Pakistan currently ranks 135th in the list of global emitters of carbon on a per capita basis, accounting for less than 1 percent of total global carbon emissions, according to World Bank data. According to the report submitted by Pakistan to the UN Framework Convention on Climate Change last year, the country’s emissions in 2015 stood at 405 metric tonnes of carbon dioxide equivalent (MTCO2 eq.). However, emissions are increasing at a rate of 3.9 percent (16 MTCO2 eq.) annually.
Pakistan is also considered one of those countries most vulnerable to the impacts of climate change, from worsening floods and scalding summer temperatures to erratic rainfall that can kill crops. Planned renewable energy projects under China-Pakistan Economic Corridor (CPEC) include a solar park, four wind farms and three hydro plants that together would generate around 3,900MW, at a cost of about $7.5 billion. According to the Pakistan Alternative Energy Development Board, Pakistan has the potential to generate annually 2.9 million MW of clean energy from solar, 340,000MW from wind and 100,000MW from hydropower.
Today Pakistan is facing numerous environmental problems such as global warming, ozone depletion, crowded cities and pollution. The universal solution in general and Pakistan, in particular, has no other option but to address these problems by planting more and more trees and making the nation greener and eco-friendly. According to famous saying “A man doesn’t plant a tree for himself. He plants it for posterity”. A growing trend in business is the emphasis on sustainable “green” business practices. Going “green” means many things to different individuals as well as to different business enterprises. On one hand, it could mean reducing energy use or supporting the use of alternative energy sources, reducing greenhouse gas emissions and global warming. On the other hand, it could include cutting operating costs, enhancing employee health and productivity, enhancing business reputation or reducing the risk of running afoul of environmental regulations.
From cost savings to positive PR, increasingly “going green” is a modern business imperative. A brand’s social purpose and green footprint
are among the factors that influence purchasing decisions, according to Nielsen. Globally, more than half of all consumers are willing to pay more for sustainable products and services from businesses that are committed to social and environmental impact.

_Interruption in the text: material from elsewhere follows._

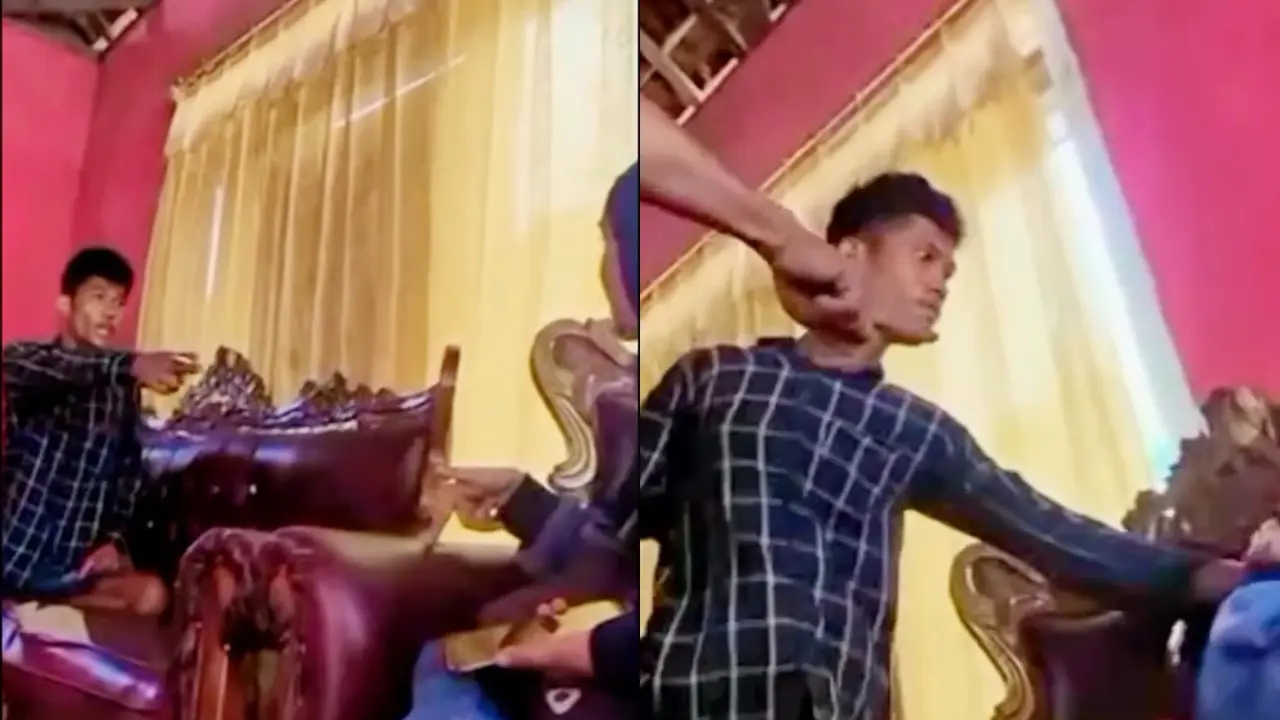 Tangkapan layar rekaman video viral, karyawati menjadi korban penganiayaan saat menagih utang ke rumah nasabah di Lampung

Brands in Pakistan seem only to be “painting” in green, focusing on patriotism, religion or other tried-and-tested formulas. Respect for culture is a sure way for marketers to create empathy and a sense of belonging. By being culturally savvy, brands will be able to break through the clutter, communicate better and create ownership. When everyone is searching for an unfair advantage, Pakistani brands should embrace culture for success by actually going “green” through adopting following ways (Reduce, Re-use, Recycle and Repair):
- Using re-usable pens, inks and cartridges.
- Eliminating waste in printing.
- Using natural light.
- Using environment-friendly paper and energy-friendly items.
The government, through collaboration with universities, should encourage and support research projects related to renewable and alternative sources of energy and introduce technology competitions. Entrepreneurs should also establish innovative businesses that tap into the rising demand for electricity. Moreover, the government needs to introduce tax rebates and custom incentives for people investing in such environment-friendly green stations. In addition to awareness programs, governments and businesses will need to come up with financial incentives to attract people to travel the road of sustainability.